DATA PROVIDED>
————
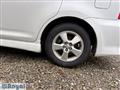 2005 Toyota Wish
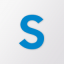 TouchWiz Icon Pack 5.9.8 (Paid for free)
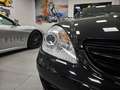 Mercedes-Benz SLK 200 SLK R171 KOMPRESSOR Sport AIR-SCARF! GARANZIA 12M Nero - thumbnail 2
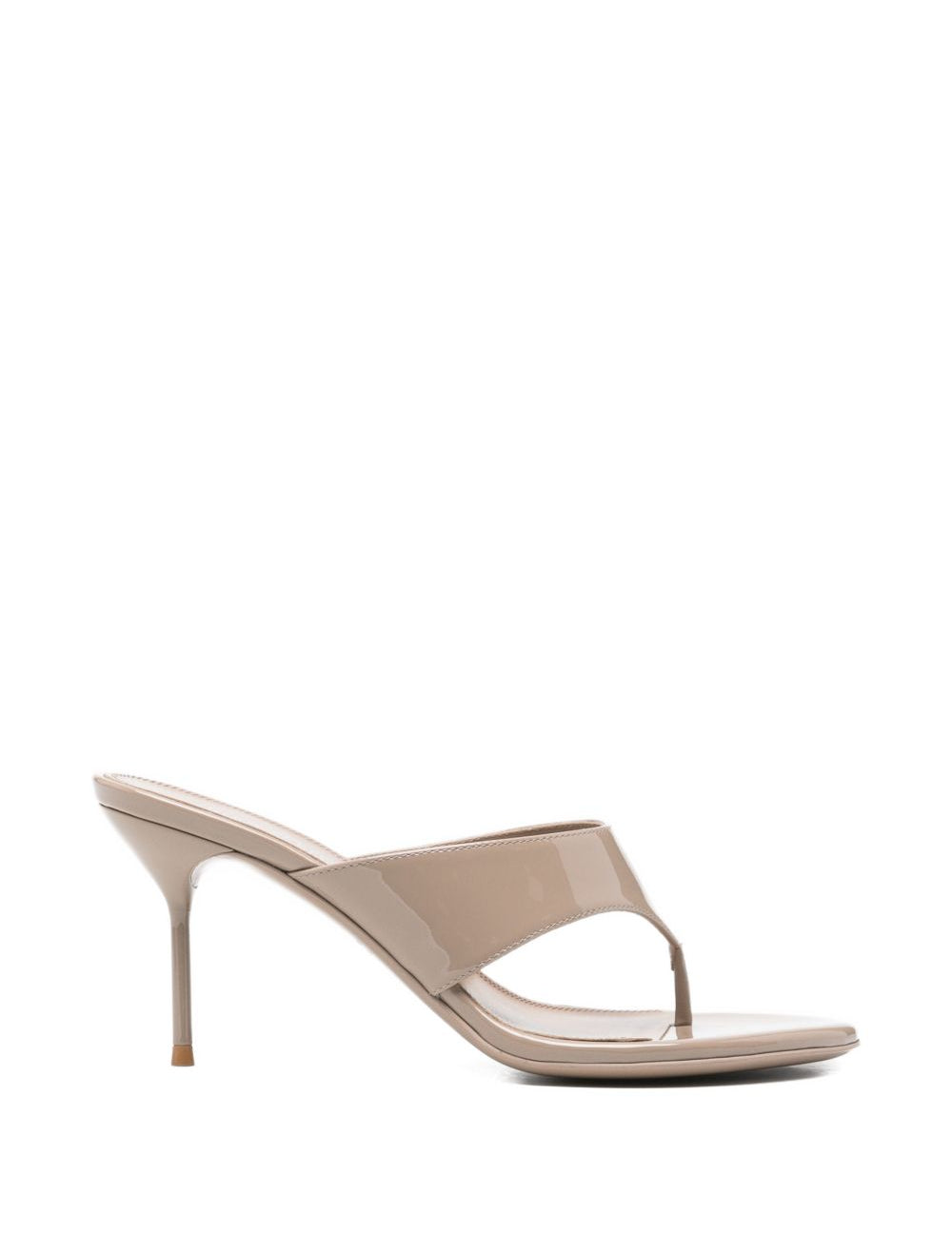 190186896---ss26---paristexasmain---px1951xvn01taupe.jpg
————
THE PROBLEM>
Nothing but an exact copy of the data, without its images, should make up your answer.

REPLY>
 2005 Toyota Wish
 TouchWiz Icon Pack 5.9.8 (Paid for free)
 Mercedes-Benz SLK 200 SLK R171 KOMPRESSOR Sport AIR-SCARF! GARANZIA 12M Nero - thumbnail 2
 190186896---ss26---paristexasmain---px1951xvn01taupe.jpg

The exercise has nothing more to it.